House Judiciary Committee ranking member Jerrold Nadler, D-N.Y., is urging the Justice Department and the FBI that the Democrats on the panel be included in determining how the agencies handle a request from Chairman Bob Goodlatte, R-Va., to provide materials on potential violations of the Foreign Intelligence Surveillance Act.
Nadler sent a letter Tuesday after Goodlatte requested on Feb. 1 that the agencies provide information including all correspondence with the Foreign Intelligence Surveillance Court and all FISA applications concerning those affiliated with the Trump campaign or the administration; documentation of the FISC hearings and court transcripts; documentation concerning proposed, recommended, or actual FISA coverage on former Secretary of State Hillary Clinton and her associates; among other documents.

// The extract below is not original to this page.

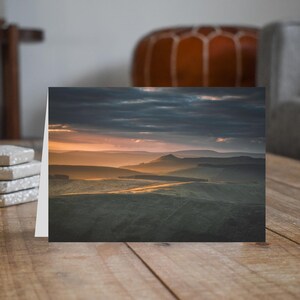 Scotland Greeting Card • Maiden Paps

Nadler claimed the letter Goodlatte wrote had been issued without any input from the Democrats on the committee and requested that the minority be allowed to contribute to the discussion on how the agencies handle the request.
“Given the sensitive nature of the items requested and the potential for misuse and cherry-picking of any classified information you may provide ... I respectfully request that the Committee Minority be included in any discussions concerning how the Department of Justice and the FBI will handle Chairman Goodlatte’s request,” Nadler said in the letter. “I also ask that, at the appropriate time, you will give the Minority an opportunity to supplement the Chairman’s request so that we can make a full and complete record of events available to our Members.”
Nadler said he is worried GOP lawmakers are using their oversight authority to undermine current federal investigations rather than probe Russian interference in the 2016 election.
Nadler also said the investigations “dovetail with an ongoing effort by President Trump to tarnish the reputation of the Justice Department and the FBI.” He noted that Trump has called special counsel Robert Mueller’s probe “the single greatest witch hunt of a politician in American history” and has said that the FBI’s reputation is “in tatters.”
Mueller's team is investigating whether members of the Trump campaign colluded with the Kremlin during the 2016 election.
“I am troubled by these inaccurate and inappropriate criticisms by the President, and by the impact this barrage must have had on the morale of career personnel at your agencies,” Nadler said.
The letters from Nadler and Goodlatte come after a memo authored by House Intelligence Committee Chairman Devin Nunes, R-Calif., was publicly released last week. That memo outlines alleged surveillance violations by the U.S. government.
Democrats have dismissed its contents as nothing more than "talking points" and have complained that the so-called "Nunes memo" is leading to a "false narrative" without the proper context.
House Intel Democrats have composed their own rebuttal memo to the GOP memo. The House Intelligence Committee voted in favor of releasing the Democratic memo on Monday, and it is now up to Trump to decide what will be released and if any redactions will be made.